* [What the exercise asks]: Your answer should consist only of the lines below from the one with "COOFANDY Men' Casual" through the one with "Sticker Roll Calligraphy [Yuru Log] | Midori", copied exactly.

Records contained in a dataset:
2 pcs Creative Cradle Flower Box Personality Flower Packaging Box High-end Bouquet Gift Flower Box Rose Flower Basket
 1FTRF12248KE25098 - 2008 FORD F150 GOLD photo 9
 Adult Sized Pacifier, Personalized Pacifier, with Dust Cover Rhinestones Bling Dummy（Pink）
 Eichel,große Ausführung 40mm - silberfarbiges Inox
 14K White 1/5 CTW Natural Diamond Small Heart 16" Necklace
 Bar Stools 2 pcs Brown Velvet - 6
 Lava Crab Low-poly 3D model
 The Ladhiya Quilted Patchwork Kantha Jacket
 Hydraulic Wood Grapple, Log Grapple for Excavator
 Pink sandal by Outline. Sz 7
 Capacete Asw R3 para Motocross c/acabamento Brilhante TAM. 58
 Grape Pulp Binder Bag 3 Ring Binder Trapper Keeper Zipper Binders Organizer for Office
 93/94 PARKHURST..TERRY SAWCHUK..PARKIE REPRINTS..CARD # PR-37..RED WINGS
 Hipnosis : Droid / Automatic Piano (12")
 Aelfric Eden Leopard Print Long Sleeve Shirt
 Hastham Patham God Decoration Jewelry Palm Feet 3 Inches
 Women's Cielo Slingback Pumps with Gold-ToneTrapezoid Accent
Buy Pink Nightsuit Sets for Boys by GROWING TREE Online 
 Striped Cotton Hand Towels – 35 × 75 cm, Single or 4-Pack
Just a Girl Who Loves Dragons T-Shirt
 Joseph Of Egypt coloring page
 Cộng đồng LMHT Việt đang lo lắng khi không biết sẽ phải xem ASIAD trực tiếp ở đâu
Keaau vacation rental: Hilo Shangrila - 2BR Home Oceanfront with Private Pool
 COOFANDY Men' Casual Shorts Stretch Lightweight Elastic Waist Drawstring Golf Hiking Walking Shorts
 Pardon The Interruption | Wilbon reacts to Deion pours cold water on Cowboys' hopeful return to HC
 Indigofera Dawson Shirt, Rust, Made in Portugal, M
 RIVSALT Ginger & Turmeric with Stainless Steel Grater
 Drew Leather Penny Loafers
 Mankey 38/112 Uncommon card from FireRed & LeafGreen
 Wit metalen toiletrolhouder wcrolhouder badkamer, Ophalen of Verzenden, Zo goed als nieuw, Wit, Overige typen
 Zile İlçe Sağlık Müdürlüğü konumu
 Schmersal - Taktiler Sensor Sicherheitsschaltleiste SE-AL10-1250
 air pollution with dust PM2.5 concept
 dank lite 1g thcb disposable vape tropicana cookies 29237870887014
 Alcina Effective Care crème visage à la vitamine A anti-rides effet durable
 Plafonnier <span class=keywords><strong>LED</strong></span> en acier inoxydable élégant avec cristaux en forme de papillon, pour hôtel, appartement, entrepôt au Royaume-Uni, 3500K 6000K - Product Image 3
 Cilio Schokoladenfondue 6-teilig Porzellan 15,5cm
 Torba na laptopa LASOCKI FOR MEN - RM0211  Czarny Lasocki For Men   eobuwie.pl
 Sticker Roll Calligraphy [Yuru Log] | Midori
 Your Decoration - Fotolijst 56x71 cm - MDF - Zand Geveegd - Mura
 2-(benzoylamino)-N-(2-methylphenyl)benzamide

* [Result for this task]:
 COOFANDY Men' Casual Shorts Stretch Lightweight Elastic Waist Drawstring Golf Hiking Walking Shorts
 Pardon The Interruption | Wilbon reacts to Deion pours cold water on Cowboys' hopeful return to HC
 Indigofera Dawson Shirt, Rust, Made in Portugal, M
 RIVSALT Ginger & Turmeric with Stainless Steel Grater
 Drew Leather Penny Loafers
 Mankey 38/112 Uncommon card from FireRed & LeafGreen
 Wit metalen toiletrolhouder wcrolhouder badkamer, Ophalen of Verzenden, Zo goed als nieuw, Wit, Overige typen
 Zile İlçe Sağlık Müdürlüğü konumu
 Schmersal - Taktiler Sensor Sicherheitsschaltleiste SE-AL10-1250
 air pollution with dust PM2.5 concept
 dank lite 1g thcb disposable vape tropicana cookies 29237870887014
 Alcina Effective Care crème visage à la vitamine A anti-rides effet durable
 Plafonnier <span class=keywords><strong>LED</strong></span> en acier inoxydable élégant avec cristaux en forme de papillon, pour hôtel, appartement, entrepôt au Royaume-Uni, 3500K 6000K - Product Image 3
 Cilio Schokoladenfondue 6-teilig Porzellan 15,5cm
 Torba na laptopa LASOCKI FOR MEN - RM0211  Czarny Lasocki For Men   eobuwie.pl
 Sticker Roll Calligraphy [Yuru Log] | Midori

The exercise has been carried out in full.